Additional utilities

linalg

Basic linear algebra

fft

Discrete Fourier transforms

random

Random number generators

distutils

Enhanced build and distribution

testing

Unit testing

f2py

Automatic wrapping of the Fortran code

NumPy in Academia and Industry


It is said that, if you stand at Times Square long enough, you will meet everyone in the world. By now, you must have been convinced that NumPy is the Times Square of SciPy. If you are writing scientific applications in Python, there is not much you can do without digging into NumPy. Figure 2 shows the scope of SciPy in scientific computing at varying levels of abstraction. The red arrow denotes the various low-level functions that are expected of scientific software, and the blue arrow denotes the different application domains that exploit these functions. Python, armed with the SciPy stack, is at the forefront of the languages that provide these capabilities.

A Google Scholar search for NumPy returns nearly 6,280 results. Some of these are papers and articles about NumPy and the SciPy stack itself, and many more are about NumPy's applications in a wide variety of research problems. Academics love Python, which is showcased by the increasing popularity of the SciPy stack as the primary language of scientific programming in countless universities and research labs all over the world. The experiences of many scientists and software professionals have been published on the Python website:

Figure 2: Python versus other languages

Code conventions used in the book


Now that the credibility of Python and NumPy has been established, let's get our hands dirty.

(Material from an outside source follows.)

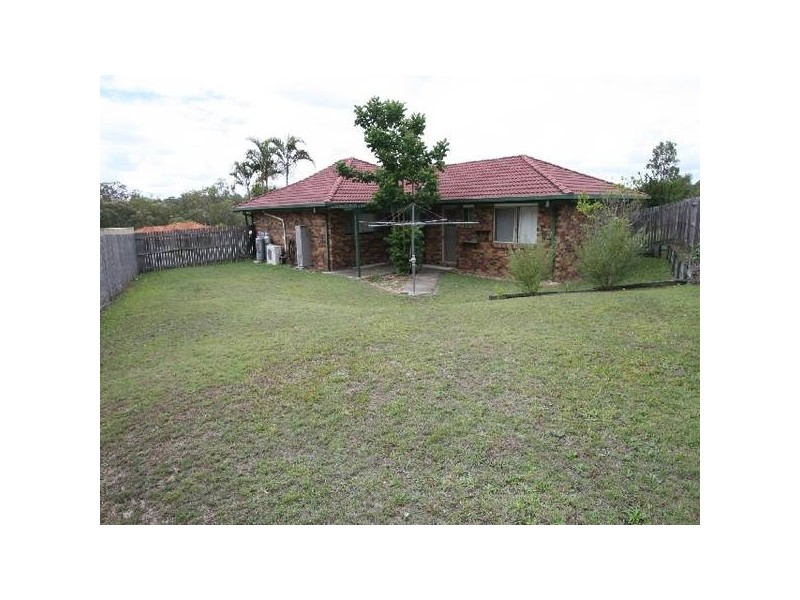 14 ROWENA COURT, Boronia Heights QLD 4124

The default environment used for all Python code in this book will be IPython. Instructions on how to install IPython and other tools follow in the next section. Throughout the book, you will only have to enter input in either the command window or the IPython prompt. Unless otherwise specified, code will refer to Python code, and command will refer to bash or DOS commands.

All Python input code will be formatted in snippets like these:

 In [42]: print("Hello, World!")

In [42]: in the preceding snippet indicates that this is the 42nd input to the IPython session. Similarly, all input to the command line will be formatted as follows:

 $ python hello_world.py 

On Windows systems, the same command will look something like this:

C:\Users\JohnDoe> python hello_world.py

For the sake of consistency, the $ sign will be used to denote the command-line prompt, regardless of OS. Prompts, such as C:\Users\JohnDoe>, will not appear in the book. While, conventionally, the $ sign indicates bash prompts on Unix systems, the same commands (without typing the actual dollar sign or any other character), can be used on Windows too. If, however, you are using Cygwin or Git Bash, you should be able to use Bash commands on Windows too.

Note that Git Bash is available by default if you install Git on Windows.

Installation requirements


Let's take a look at the various requirements we need to set up before we proceed.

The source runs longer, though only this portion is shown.